__What to work on__
Pictures in the data below are not part of the copy; transcribe everything else exactly.
╔══
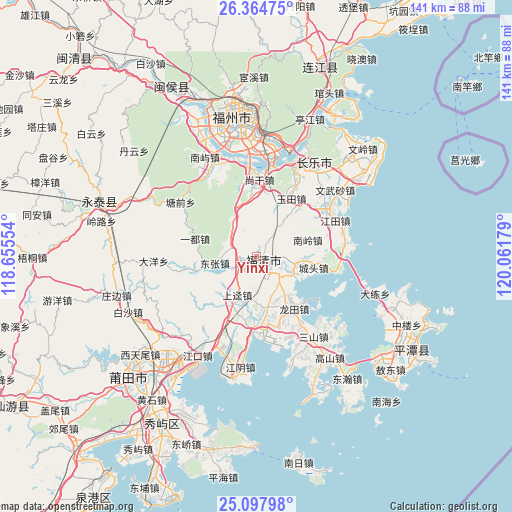 Yinxi on map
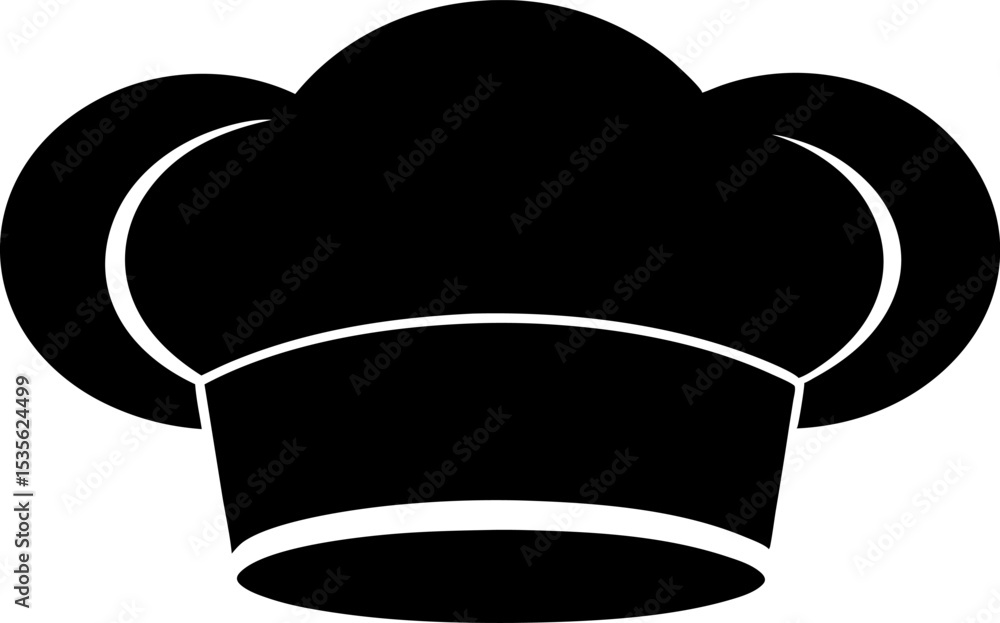 Cook Hat Silhouette Vector Illustration Cook Hat Silhouette Vector Illustration
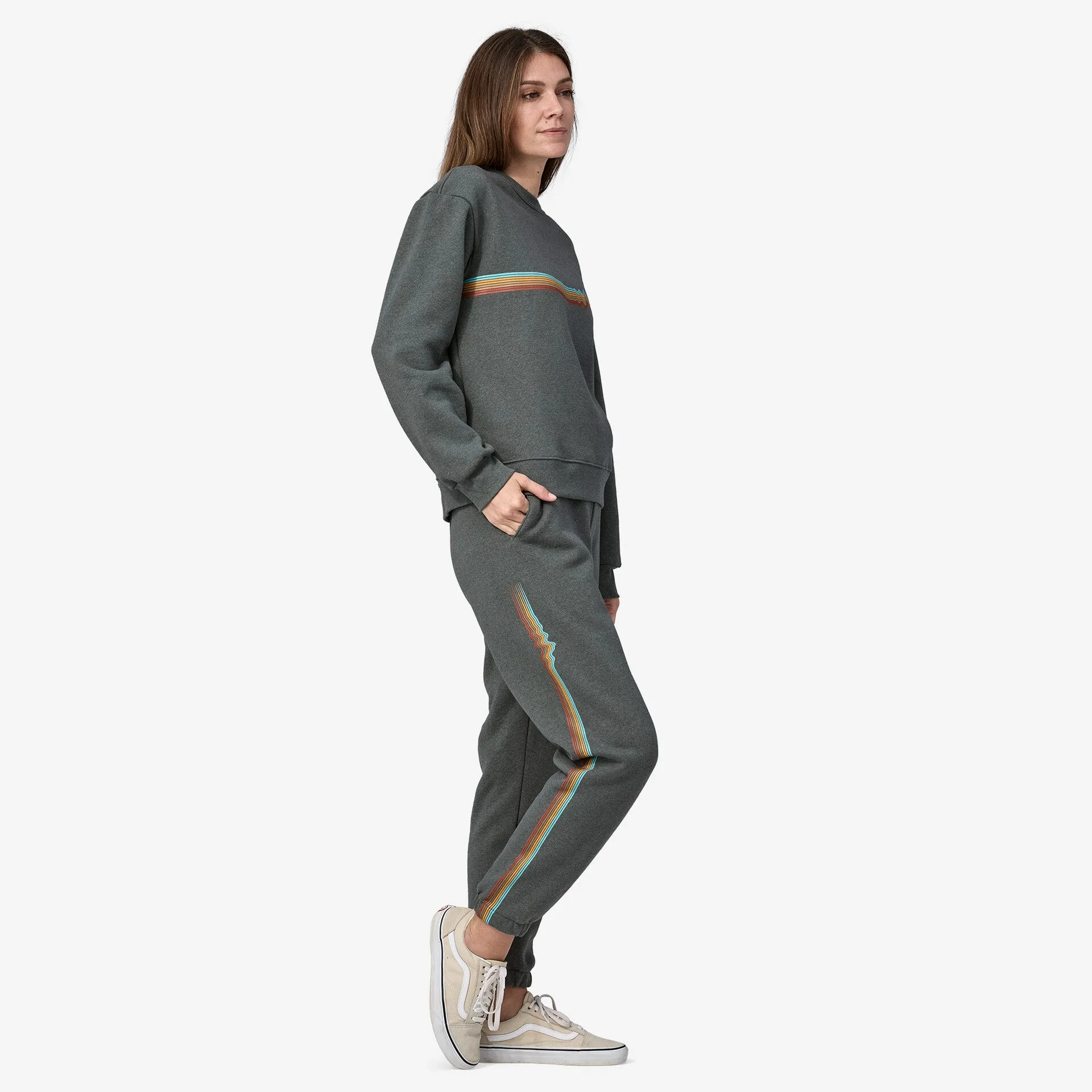 Patagonia Women's Ridge Rise Stripe Uprisal Sweatpants - Nouveau Green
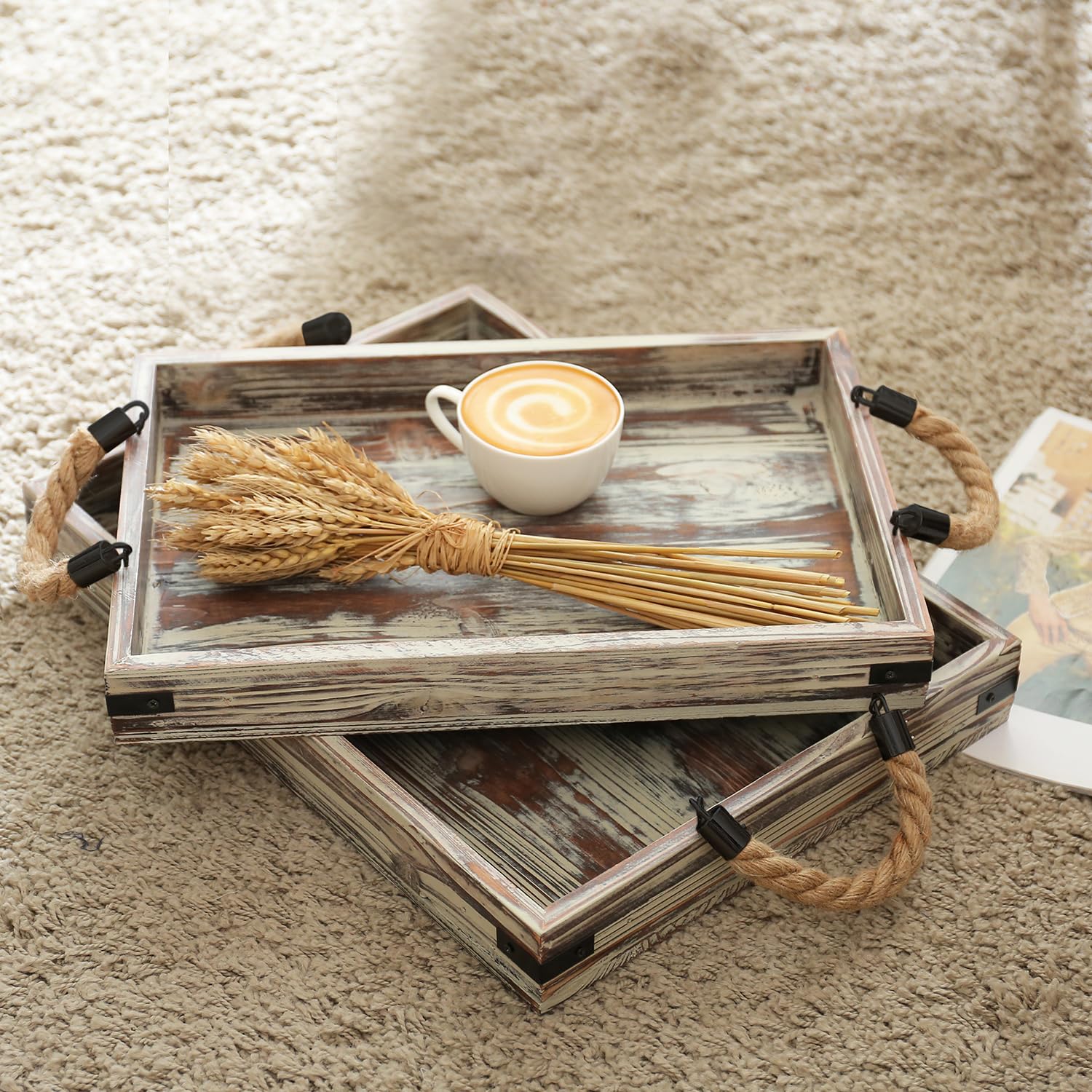 MyGift 2-Piece Rustic Wood & Black Metal Nesting Serving Trays with Rope Handles - Decorative Wooden Tray Set for Breakfast in Bed, Coffee Table, Ottoman Decor - Perfect for Home, Kitchen, and Party Serving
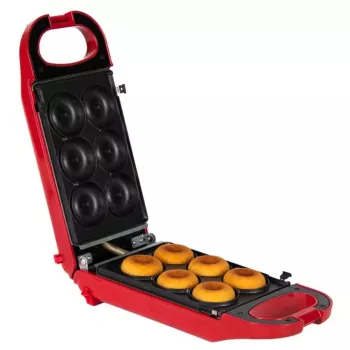 Trebs 6-in-1 snack maker röd – våfflor, sandwich, grill, donuts, poffertjes, cupcake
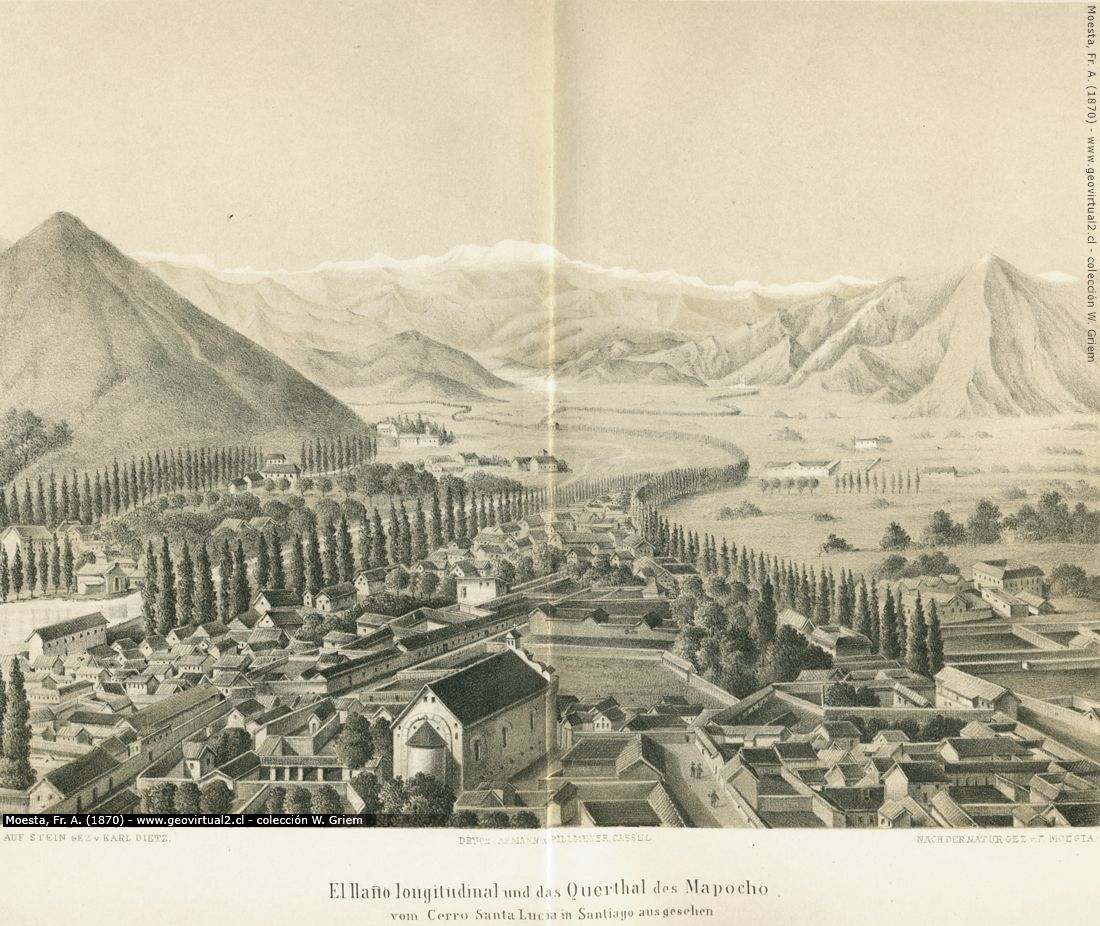 Santiago desde Santa Lucia en 1870: Moesta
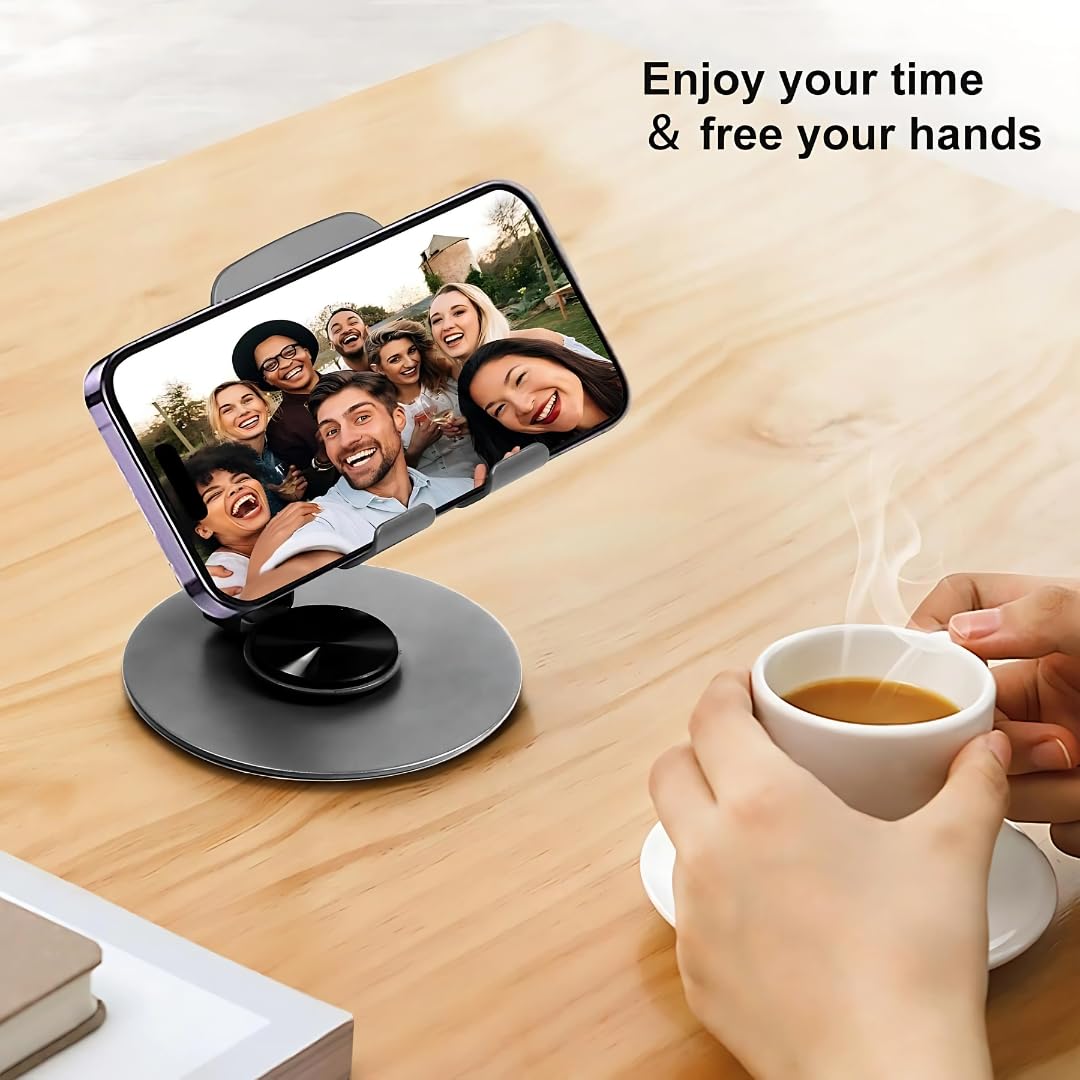 360° Adjustable Foldable Mobile Phone & Tablet Stand | Universal Rotating Aluminum Holder for Desk, Home & Office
╚══
__Solution to this problem__
 Yinxi on map
 Cook Hat Silhouette Vector Illustration Cook Hat Silhouette Vector Illustration
 Patagonia Women's Ridge Rise Stripe Uprisal Sweatpants - Nouveau Green
 MyGift 2-Piece Rustic Wood & Black Metal Nesting Serving Trays with Rope Handles - Decorative Wooden Tray Set for Breakfast in Bed, Coffee Table, Ottoman Decor - Perfect for Home, Kitchen, and Party Serving
 Trebs 6-in-1 snack maker röd – våfflor, sandwich, grill, donuts, poffertjes, cupcake
 Santiago desde Santa Lucia en 1870: Moesta
 360° Adjustable Foldable Mobile Phone & Tablet Stand | Universal Rotating Aluminum Holder for Desk, Home & Office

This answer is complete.